Construct and Evaluate the quotient ring $\Bbb{Z}[\sqrt3]\text{\I}$.
Attempt
(i) The equivalence relation ~$_{I}$ is defined by x ~$_{I}$ y iff $(x-y)\in I$ for all $x,y \in \Bbb{Z}[\sqrt3]$.
(ii) x ~$_{I}$ y
- iff $(x-y)\in I$
- iff $x-y = a+b\sqrt3$
- iff $x-y = 3k + b\sqrt3 \text{ for some } k \in \Bbb{Z}$
- iff $y=x-3k - b\sqrt3 $
(ii)By theorem, x ~$_{I}$ y implies that $[x]=[y]$.
With $y=x-3k - b\sqrt3 $, then
$\Bbb{Z}[\sqrt3]\text{\I}$
- $=\{[x] : x \in \Bbb{Z}[\sqrt3] \}$
- $=\{[x-3k - b\sqrt3] : x \in \Bbb{Z}[\sqrt3] \}$
(iii)By theorem,since I is an ideal of $\Bbb{Z}[\sqrt3]$, then $(\Bbb{Z}[\sqrt3]\text{\I}),\bigoplus,\bigodot)$ is also a ring with well-defined binary operations.
Let $h,g \in \Bbb{Z}[\sqrt3]$ ,then $[h]\bigoplus[g]$
- = $[h-3k - b\sqrt3] \bigoplus [g-3l - c\sqrt3]$
- = $[h-3k - b\sqrt3 + g-3l - c\sqrt3]$
- = $[h+g - \sqrt3 (\sqrt3(k+l) + (b+c))]$
..similar procedure for $\bigodot$
Is this what is meant by construction? Any help appreciated.
I would say you need to get a better idea what the elements of $\Bbb Z\bigl[\sqrt{3}\bigr]/I$ are, before you have a feel for what it looks like as a ring. By definition, the elements of $\Bbb Z\bigl[\sqrt{3}\bigr]/I$ are all equivalency classes of elements of $\Bbb Z\bigl[\sqrt{3}\bigr]$ under the relation $\sim_I$ you mentioned above. However, that doesn't really paint a clear picture, yet.

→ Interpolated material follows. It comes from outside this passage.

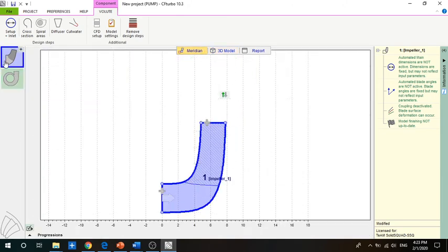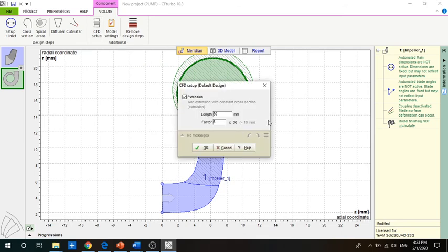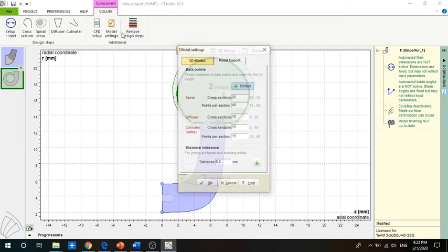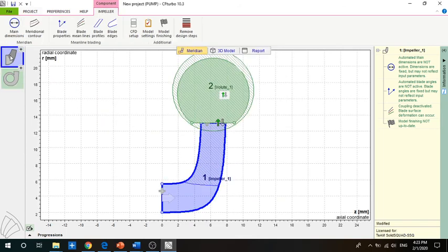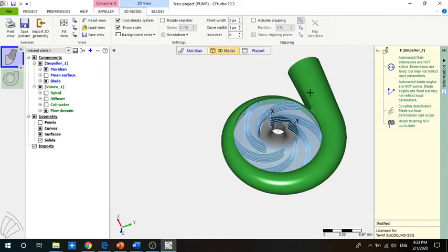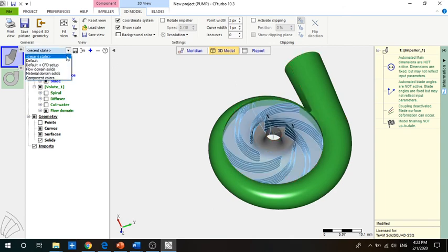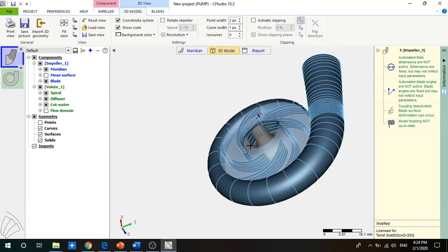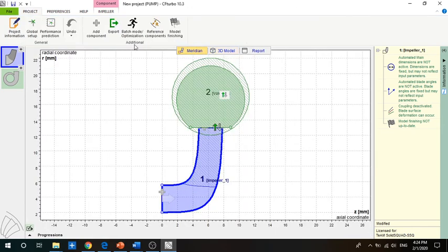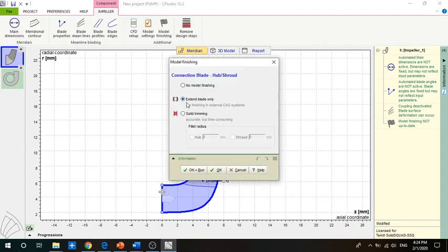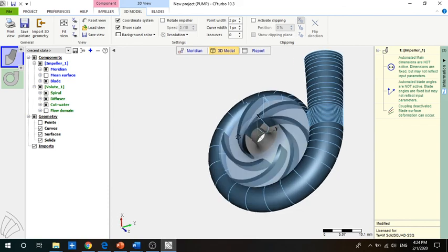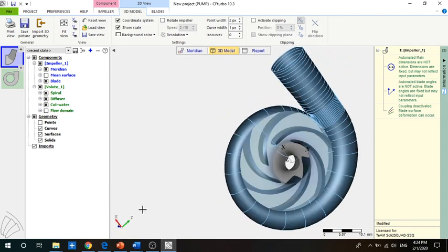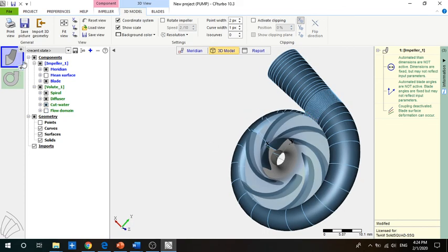The CFD setup will be covered in another video. For model settings, values can be changed but we set it to program default. Here we have the impeller with the volute. To get a better view, we go and change to extend plate only to see the impeller in a cleaner state.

You're right that for any given $x,y\in\Bbb Z\bigl[\sqrt{3}\bigr],$ we will have $[x]=[y]$ if and only if $x-y=3k+b\sqrt{3}$ for some $k,b\in\Bbb Z,$ but this doesn't use the structure of $\Bbb Z\bigl[\sqrt{3}\bigr],$ at all, so doesn't clarify enough. We can do better! In particular, we know that $x=i_1+j_1\sqrt{3}$ and $y=i_2+j_2\sqrt{3},$ where $i_1,i_2,j_1,j_2\in\Bbb Z.$ Thus, we can conclude that $x\sim_I y$ if and only if the following (equivalent) conditions hold: $$x-y=3k+b\sqrt{3}\textrm{ for some }b,k\in\Bbb Z\\(i_1-i_2)+(j_1-j_2)\sqrt{3}=3k+b\sqrt{3}\textrm{ for some }b,k\in\Bbb Z\\i_1-i_2=3k\textrm{ and }j_1-j_2=b\textrm{ for some }b,k\in\Bbb Z$$ However, since $j_1$ and $j_2$ are integers, then this last one is equivalent to $$i_1-i_2=3k\textrm{ for some }k\in\Bbb Z,$$ meaning that $i_1\sim_{(3)}i_2.$ Since the $j$-values had no effect on the equivalency class, then note in particular that $x\sim_I i_1$ which means that we can choose an integer representative for each equivalency class. The equivalence $\sim_{(3)}$ gives us even more, though!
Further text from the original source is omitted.